Knockdown of Amyloid Precursor Protein Increases Ion Channel Expression and Alters Ca(2+) Signaling Pathways

Although the physiological role of the full-length Amyloid Precursor Protein (APP) and its proteolytic fragments remains unclear, they are definitively crucial for normal synaptic function. Herein, we report that the downregulation of APP in SH-SY5Y cells, using short hairpin RNA (shRNA), alters the expression pattern of several ion channels and signaling proteins that are involved in synaptic and Ca(2+) signaling. Specifically, the levels of GluR2 and GluR4 subunits of the alpha-amino-3-hydroxy-5-methyl-4-isoxazolepropionic acid glutamate receptors (AMPAR) were significantly increased with APP knockdown.

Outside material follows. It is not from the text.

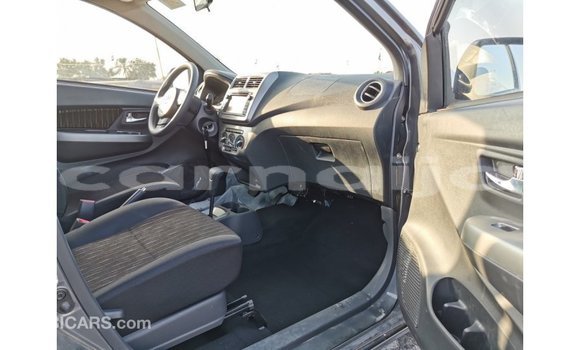 Buy Import Toyota HiAce Other Truck in Import - Dubai in Abia State Buy Import Toyota HiAce Other Truck in Import - Dubai in Abia State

Similarly, the expression of the majority of endoplasmic reticulum (ER) residing proteins, such as the ER Ca(2+) channels IP(3)R (Inositol 1,4,5-triphosphate Receptor) and RyR (Ryanodine Receptor), the Ca(2+) pump SERCA2 (Sarco/endoplasmic reticulum Ca(2+) ATPase 2) and the ER Ca(2+) sensor STIM1 (Stromal Interaction Molecule 1) was upregulated. A shift towards the upregulation of p-AKT, p-PP2A, and p-CaMKIV and the downregulation of p-GSK, p-ERK1/2, p-CaMKII, and p-CREB was observed, interconnecting Ca(2+) signal transduction from the plasma membrane and ER to the nucleus. Interestingly, we detected reduced responses to several physiological stimuli, with the most prominent being the ineffectiveness of SH-SY5Y/APP- cells to mobilize Ca(2+) from the ER upon carbachol-induced Ca(2+) release through IP(3)Rs and RyRs. Our data further support an emerging yet perplexing role of APP within a functional molecular network of membrane and cytoplasmic proteins implicated in Ca(2+) signaling.